December is a great month to fish for largemouth and striped bass in North Carolina.There are a lot of lakes around here where you can go out in December and find quality fish in that 10-foot depth range — there are other states where if you want to catch fish in the winter, you have to go in really deep water.

One of the best patterns that I’ve found works in December is to fish any kind of bluff wall you can find with a crankbait. It can be a place where a creek channel or the river channel run up close to a bank, or it can be a real bluff. Either way, you want to be sitting in 30 to 40 feet of water but close enough to cast to the bank. They can be on the main lake, up in the creeks — wherever they are, they’re hard to beat.

A key to fishing these steep walls is to keep your bait in the strike zone as long as possible. You can’t do that if you’re setting up a cast away, casting toward the wall; you have to set up and fish parallel. If you parallel the bluff or the big drop, you can get your bait down to where the fish are and keep it there.

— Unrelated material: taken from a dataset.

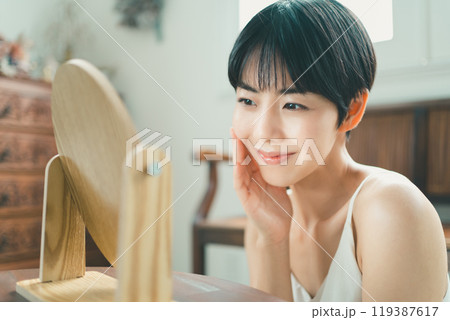 鏡を見る女性 鏡を見る女性 119387617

I love to fish at Buggs Island in December and January because I can catch stripers and bass together, and while Buggs Island doesn’t have a lot of bluff walls, fish are going to be on them. If you’ve got a stump or a brush pile on that bank, that’s even better.

The other kind of place that fishes the same way as a bluff bank is when you’ve got a shallow point that sticks way out. It might have 6 or 7 feet of water on top, and it falls off abruptly — something like an old roadbed.

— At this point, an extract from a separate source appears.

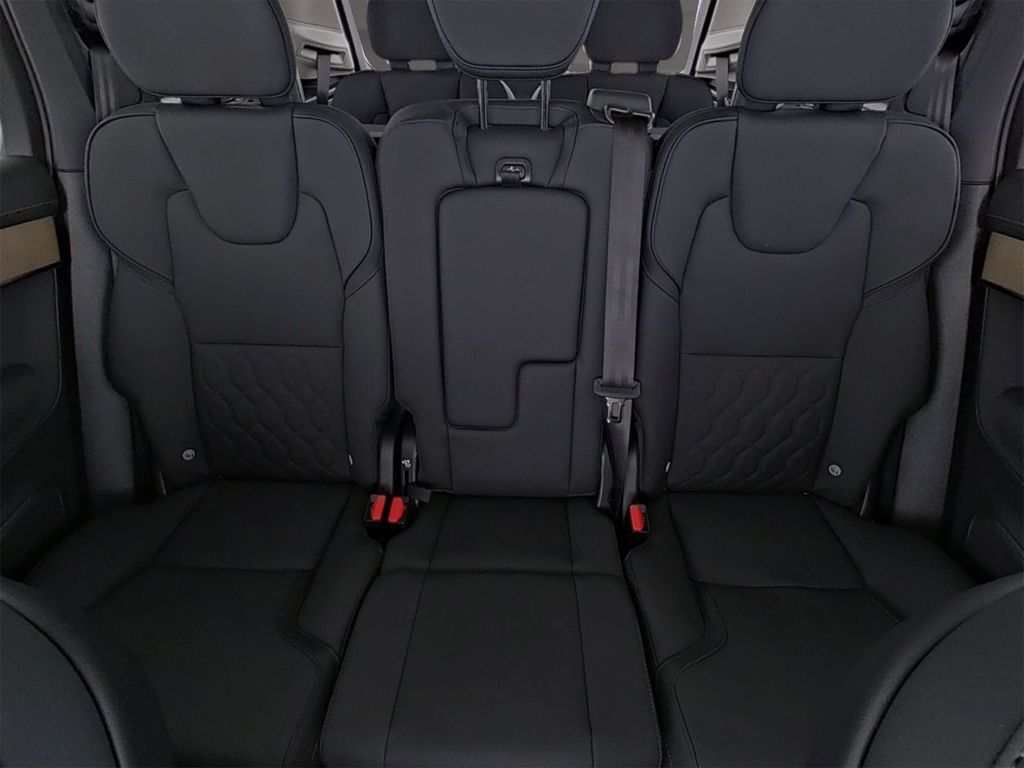 Volvo XC90 2025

Both of these kinds of places all collect a lot of bait in the winter; the key is that hard bottom, that rock, which holds bait and fish.

If you catch me on the water in December, most of the time I’m going to have one of two crankbaits or a jerkbait tied on. I like a Berkley Bad Shad, which is a Shad Rap type bait that will dive a little deeper than most shad baits; it’s a tremendous bait in the winter. I like a Berkley Digger 8.5, another diving bait that puts off probably more vibration than any other bait, and I like a Cutter 110 Skinny, a jerkbait that’s ideal for fishing in cold water. 

A jerkbait is a great winter bait. How fast or slow you work it depends on whether you’re fishing on a warming trend or on a cold front. The colder it is, the slower you work it. When it’s cold, I like the Cutter 110 Skinny. If the water temperature is above 55, I’ll be throwing the regular Cutter 110.

What’s really nice about the Bad Shad and the Cutter is that those baits can call fish up from 20 feet of water. They’re great open-water baits. The Digger is more of a cover-type crank bait; you fish it when a bluff bank is full of stumps or brush.

As far as colors are concerned, this is not like early spring fishing; you’re going to fish shad, white and pearl patterns; those are going to be the best colors. If you get some milky water like we sometimes get this time of year, yellow/brown can be really good.

I absolutely love December because I can catch stripers and bass in the same places on a crankbait. Man, when you a striper hits a crankbait, you know it; he blasts it, and he takes off about 20 yards of line in about 10 seconds. They are so fun to catch. What’s happening is that all the bait gets all wadded up, balled up, going into the winter, and everything will be feeding on them.

If I’m going to spend much time on the water this month, I’m going to a lake that’s got bass and stripers. I’m going to go to Buggs Island, Gaston and Badin.